## EXERCISE DESCRIPTION:
Report every line below that carries the word "with".

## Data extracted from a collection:
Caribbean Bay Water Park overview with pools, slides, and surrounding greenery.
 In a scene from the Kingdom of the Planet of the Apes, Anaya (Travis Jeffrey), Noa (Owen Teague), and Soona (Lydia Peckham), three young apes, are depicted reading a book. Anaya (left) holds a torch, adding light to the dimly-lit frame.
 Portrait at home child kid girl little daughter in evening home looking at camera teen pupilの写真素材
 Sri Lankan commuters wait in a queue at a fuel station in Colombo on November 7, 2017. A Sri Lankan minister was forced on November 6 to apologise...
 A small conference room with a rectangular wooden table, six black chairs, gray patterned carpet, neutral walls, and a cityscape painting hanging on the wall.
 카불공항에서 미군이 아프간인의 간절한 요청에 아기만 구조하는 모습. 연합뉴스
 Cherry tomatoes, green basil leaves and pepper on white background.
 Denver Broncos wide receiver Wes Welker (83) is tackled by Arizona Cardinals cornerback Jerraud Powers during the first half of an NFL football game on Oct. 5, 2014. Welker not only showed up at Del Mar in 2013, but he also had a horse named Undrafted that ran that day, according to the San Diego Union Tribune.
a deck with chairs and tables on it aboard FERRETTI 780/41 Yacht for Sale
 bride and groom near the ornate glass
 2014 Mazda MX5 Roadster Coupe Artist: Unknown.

## TASK RESULT:
Caribbean Bay Water Park overview with pools, slides, and surrounding greenery.
 A small conference room with a rectangular wooden table, six black chairs, gray patterned carpet, neutral walls, and a cityscape painting hanging on the wall.
a deck with chairs and tables on it aboard FERRETTI 780/41 Yacht for Sale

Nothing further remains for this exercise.